* WHAT TO DO:
Reproduce exactly the line that contains "27 Mackellar Crescent, Cook ACT 2614" and every line after it through the end of the records below, leaving out all pictures.

* DATA FOR THIS TASK:
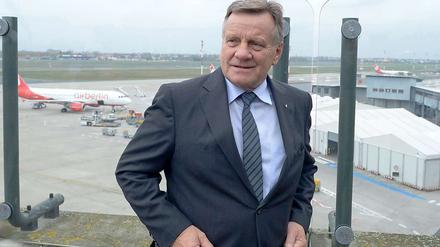 Hartmut Mehdorn bei einer Pressekonferenz am Flughafen Tegel. 
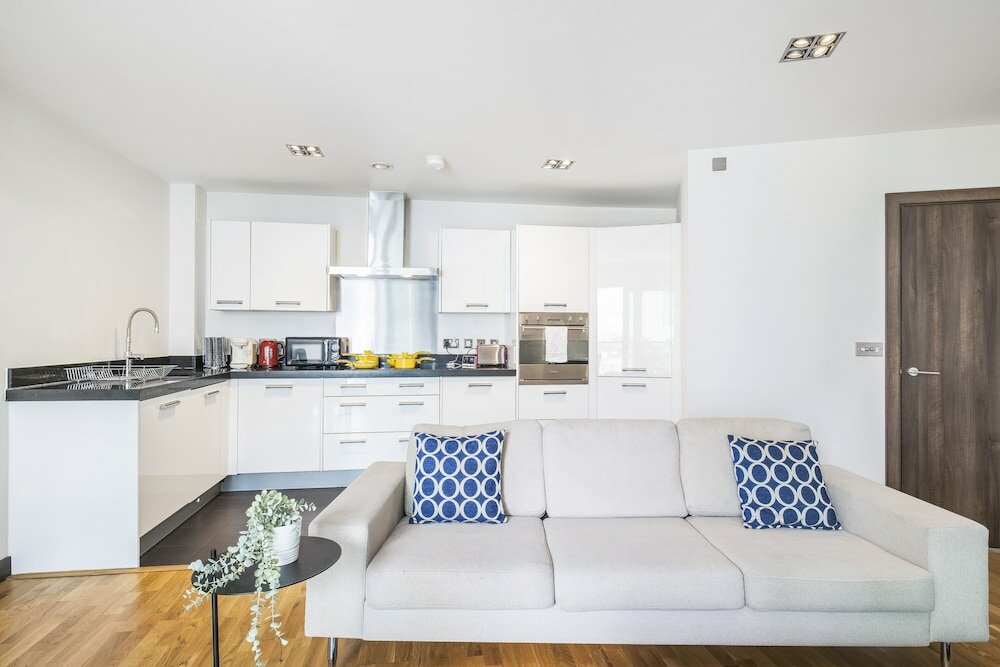 Фото My Serviced Space - Bridges Court Road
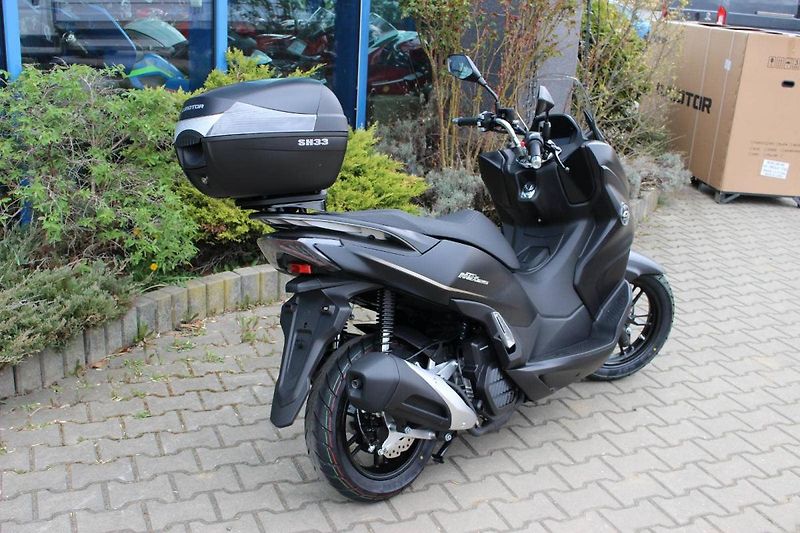 QJ Motor (2026) MTX 125 + kufr zdarma SKLADEM - fotka 5 z 9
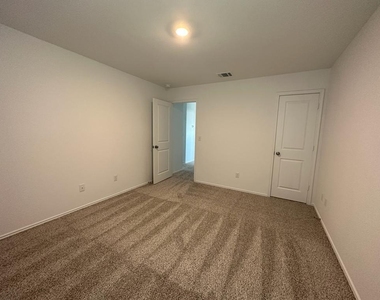 220 River Rise Rd - Photo Thumbnail 24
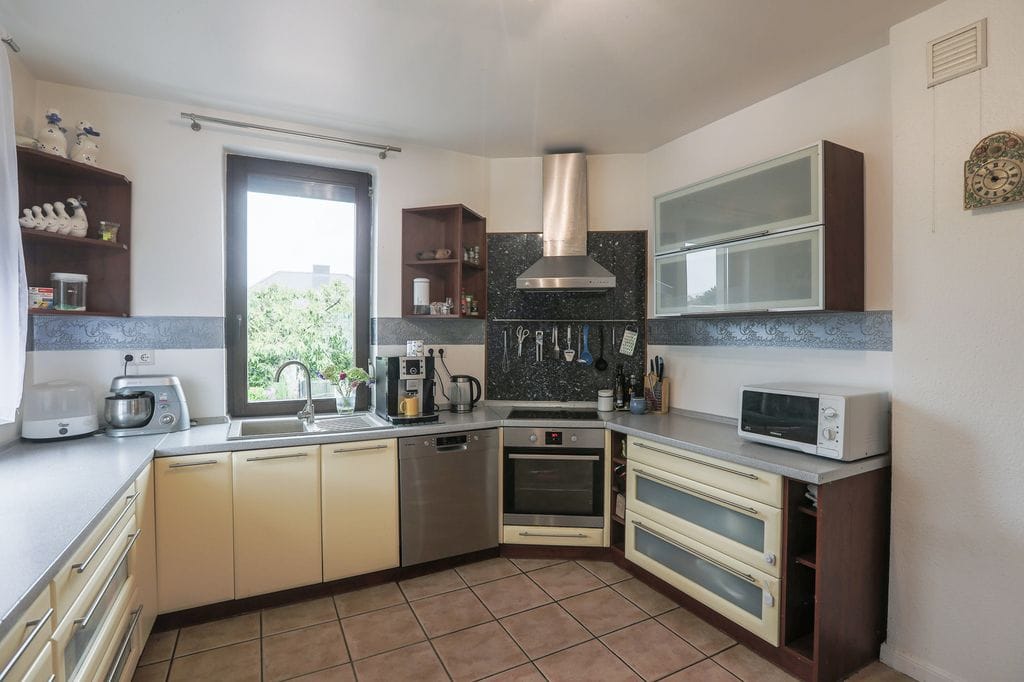 Dom 8 pokojowe na Sprzedaż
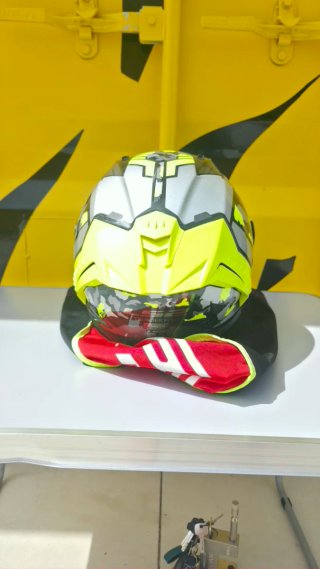 Casco LS2 Thunder Carbon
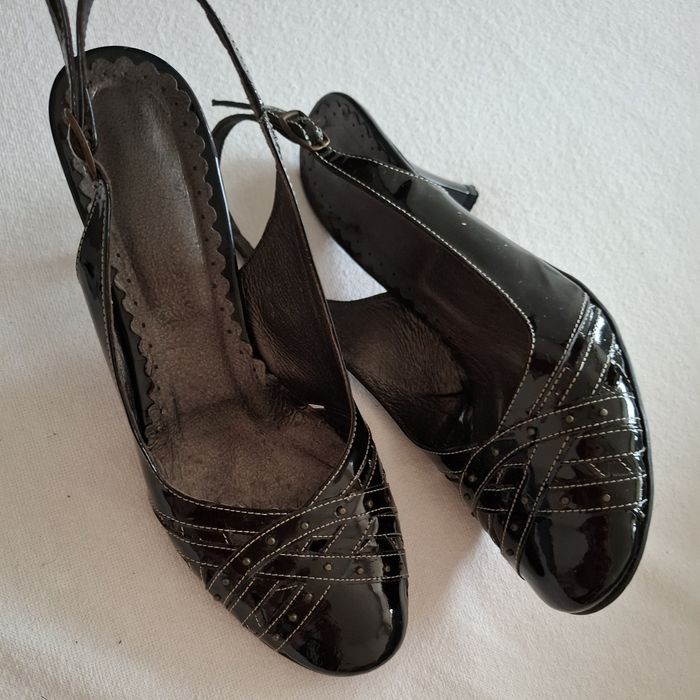 Sandale piele lacuită 38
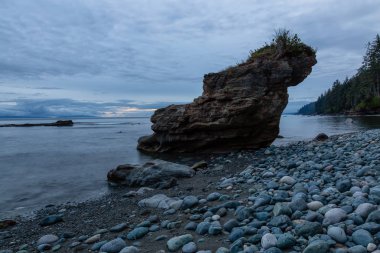 Bir yaz gün batımı sırasında Juan de Fuca Trail üzerinde kayalık bir plaj Güzel Görünümü. Chin Beach'te, Port Renfrew yakınlarında, Vancouver Adası, Bc, Kanada.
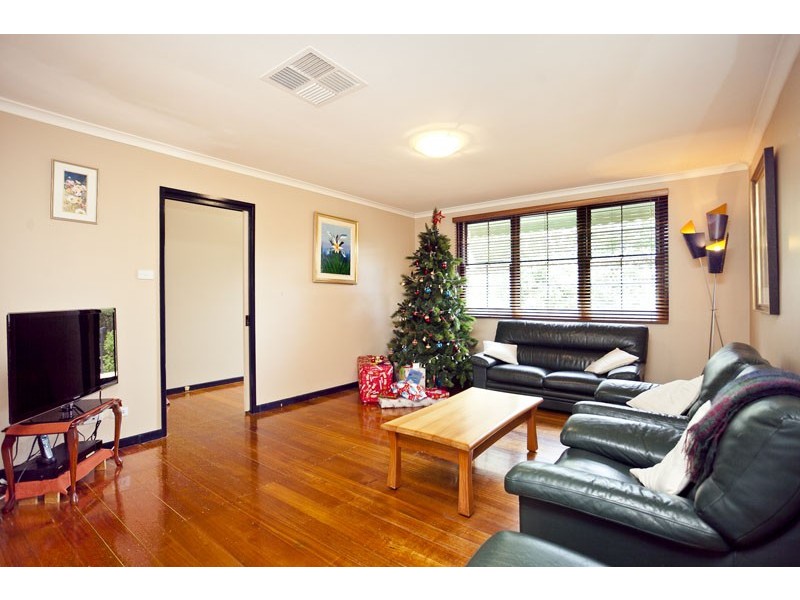 27 Mackellar Crescent, Cook ACT 2614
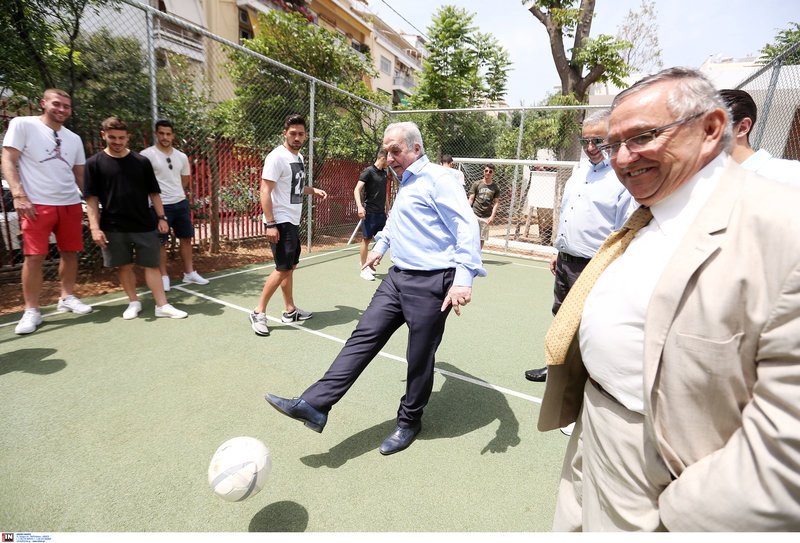 Ο Φλαμπουράρης το... έριξε στα σουτ -Σε εγκαίνια ποδοσφαιρικού γηπέδου [εικόνες] | iefimerida.gr 0
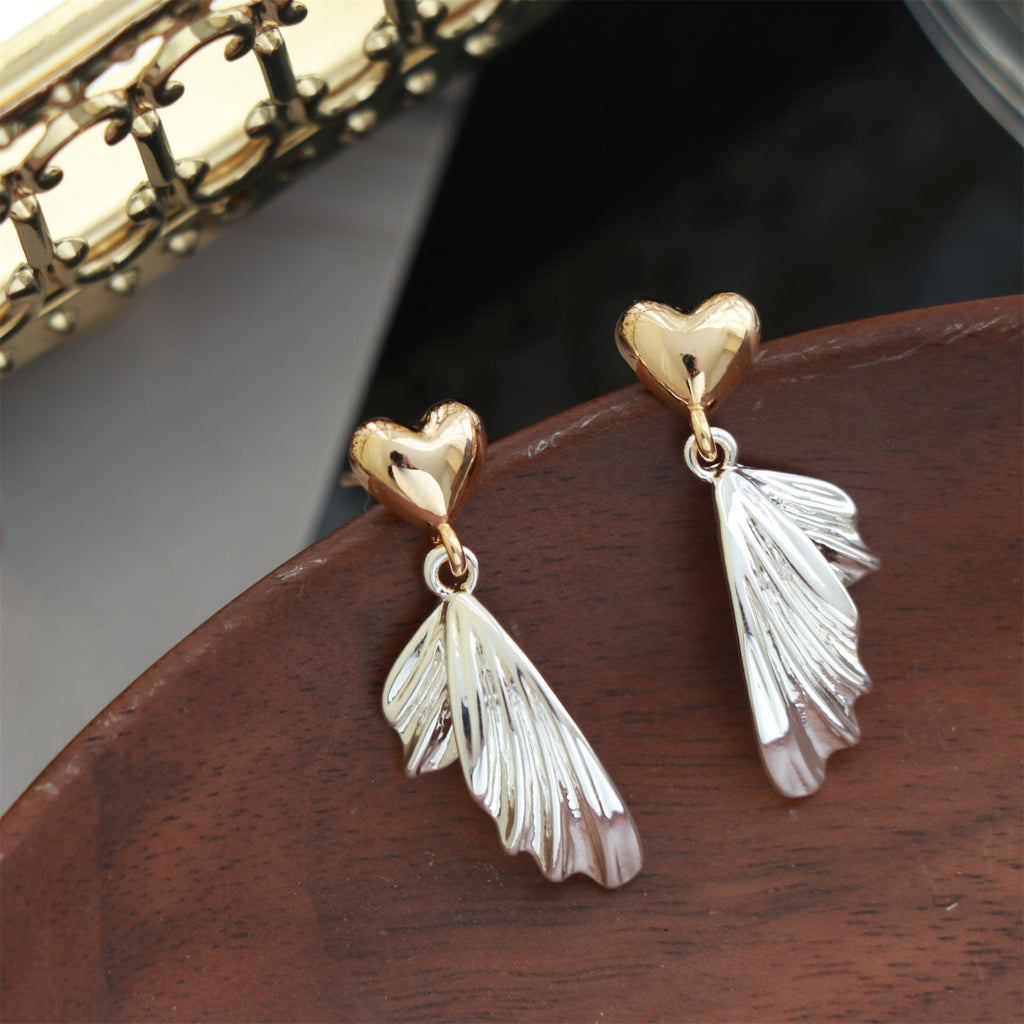 Stunning Gold Earring for Daily Wear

* YOUR RESPONSE:
 27 Mackellar Crescent, Cook ACT 2614
 Ο Φλαμπουράρης το... έριξε στα σουτ -Σε εγκαίνια ποδοσφαιρικού γηπέδου [εικόνες] | iefimerida.gr 0
 Stunning Gold Earring for Daily Wear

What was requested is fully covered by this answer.